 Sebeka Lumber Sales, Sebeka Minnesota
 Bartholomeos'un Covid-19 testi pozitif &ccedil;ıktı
= = = = = = =
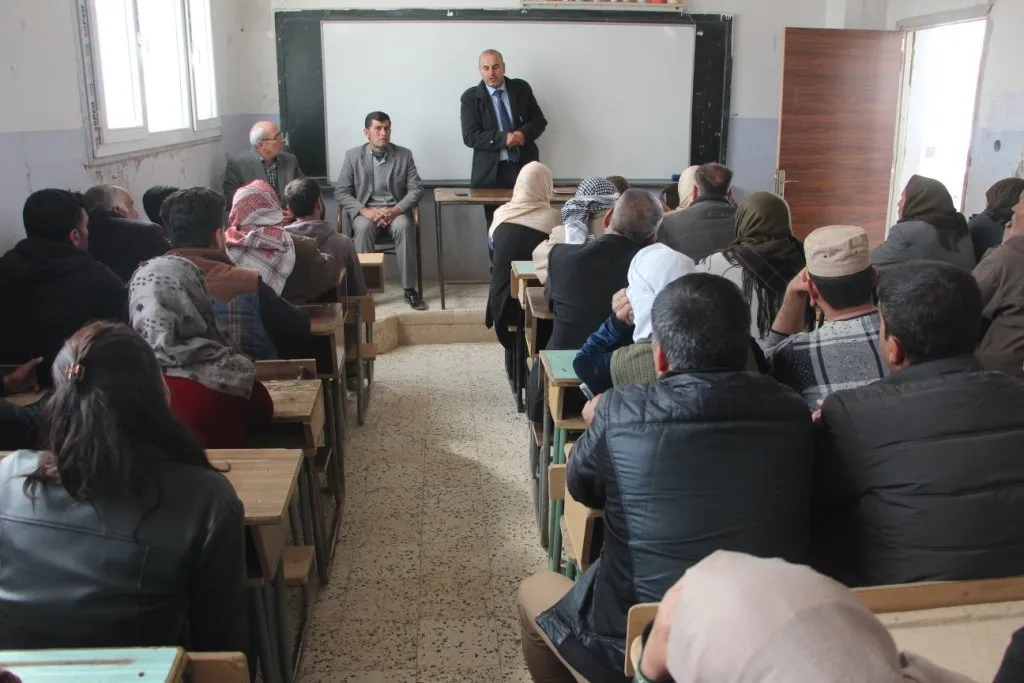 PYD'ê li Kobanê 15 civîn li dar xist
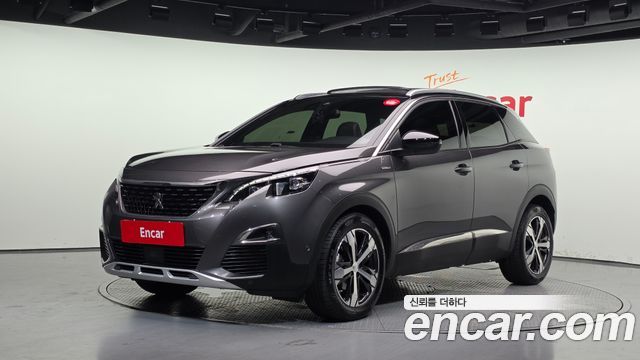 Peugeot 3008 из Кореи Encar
= = = = = = =
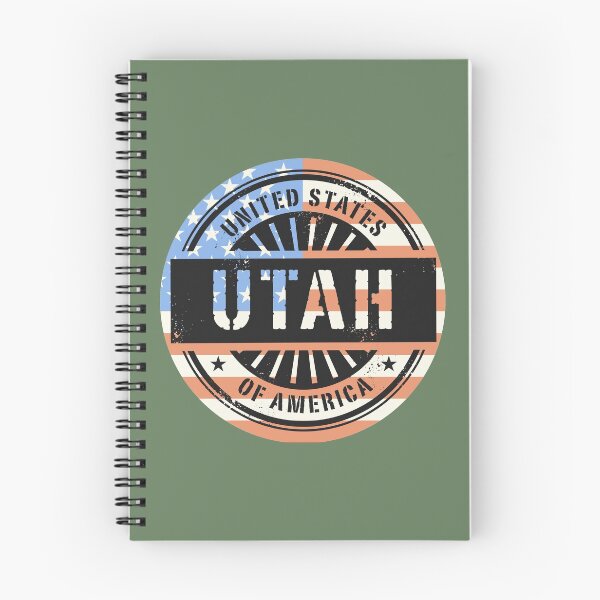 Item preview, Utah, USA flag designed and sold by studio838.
= = = = = = =
Instructions to follow ▸ Using the entries above, extract exactly the span from the line with "Sebeka Lumber Sales, Sebeka Minnesota" to the line with "Bartholomeos'un Covid-19 testi", both lines included; leave out everything else.

The completed task ▸
 Sebeka Lumber Sales, Sebeka Minnesota
 Bartholomeos'un Covid-19 testi pozitif &ccedil;ıktı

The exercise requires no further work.